● **TASK DETAILS**: Look below for the line that has "1 Bulle bullster". Set down the lines from there through the line that has "X-Men Jucărie Intimă", exactly as written.

● **MATERIAL FOR THIS TASK**:

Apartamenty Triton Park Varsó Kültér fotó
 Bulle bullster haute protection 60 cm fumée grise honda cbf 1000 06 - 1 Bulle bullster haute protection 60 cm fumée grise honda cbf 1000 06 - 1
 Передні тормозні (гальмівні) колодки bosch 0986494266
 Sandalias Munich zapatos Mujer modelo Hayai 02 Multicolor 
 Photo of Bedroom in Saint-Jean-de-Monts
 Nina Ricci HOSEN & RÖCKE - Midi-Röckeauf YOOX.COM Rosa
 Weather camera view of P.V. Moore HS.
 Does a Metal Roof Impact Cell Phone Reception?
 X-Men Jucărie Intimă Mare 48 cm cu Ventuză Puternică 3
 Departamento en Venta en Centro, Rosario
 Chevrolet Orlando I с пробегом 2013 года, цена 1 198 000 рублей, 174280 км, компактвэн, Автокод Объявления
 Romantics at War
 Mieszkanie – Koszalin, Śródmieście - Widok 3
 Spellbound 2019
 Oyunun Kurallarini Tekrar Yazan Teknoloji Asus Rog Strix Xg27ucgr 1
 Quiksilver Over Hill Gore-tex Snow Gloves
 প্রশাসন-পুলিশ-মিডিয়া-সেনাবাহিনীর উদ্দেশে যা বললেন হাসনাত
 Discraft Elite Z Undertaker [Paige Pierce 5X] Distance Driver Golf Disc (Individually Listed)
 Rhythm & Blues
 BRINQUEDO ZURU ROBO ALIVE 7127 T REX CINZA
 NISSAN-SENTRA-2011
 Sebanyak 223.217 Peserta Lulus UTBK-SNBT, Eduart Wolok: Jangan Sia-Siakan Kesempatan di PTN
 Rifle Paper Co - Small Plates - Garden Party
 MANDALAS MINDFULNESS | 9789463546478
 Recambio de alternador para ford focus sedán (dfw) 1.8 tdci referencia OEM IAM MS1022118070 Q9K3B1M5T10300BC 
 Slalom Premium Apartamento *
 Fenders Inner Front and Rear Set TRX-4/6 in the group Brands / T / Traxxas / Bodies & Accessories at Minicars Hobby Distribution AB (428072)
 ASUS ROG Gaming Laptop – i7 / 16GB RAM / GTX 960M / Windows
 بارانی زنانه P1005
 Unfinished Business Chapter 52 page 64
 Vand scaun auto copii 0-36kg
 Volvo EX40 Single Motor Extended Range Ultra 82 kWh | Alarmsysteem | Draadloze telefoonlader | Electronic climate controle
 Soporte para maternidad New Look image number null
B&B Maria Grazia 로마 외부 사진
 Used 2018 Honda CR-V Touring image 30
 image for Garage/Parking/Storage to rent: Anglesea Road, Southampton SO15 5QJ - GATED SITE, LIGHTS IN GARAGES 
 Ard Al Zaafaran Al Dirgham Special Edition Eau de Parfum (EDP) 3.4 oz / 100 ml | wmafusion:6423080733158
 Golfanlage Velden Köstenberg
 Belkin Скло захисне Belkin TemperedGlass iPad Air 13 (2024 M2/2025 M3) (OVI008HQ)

● **EXERCISE RESULT**:
 Bulle bullster haute protection 60 cm fumée grise honda cbf 1000 06 - 1 Bulle bullster haute protection 60 cm fumée grise honda cbf 1000 06 - 1
 Передні тормозні (гальмівні) колодки bosch 0986494266
 Sandalias Munich zapatos Mujer modelo Hayai 02 Multicolor 
 Photo of Bedroom in Saint-Jean-de-Monts
 Nina Ricci HOSEN & RÖCKE - Midi-Röckeauf YOOX.COM Rosa
 Weather camera view of P.V. Moore HS.
 Does a Metal Roof Impact Cell Phone Reception?
 X-Men Jucărie Intimă Mare 48 cm cu Ventuză Puternică 3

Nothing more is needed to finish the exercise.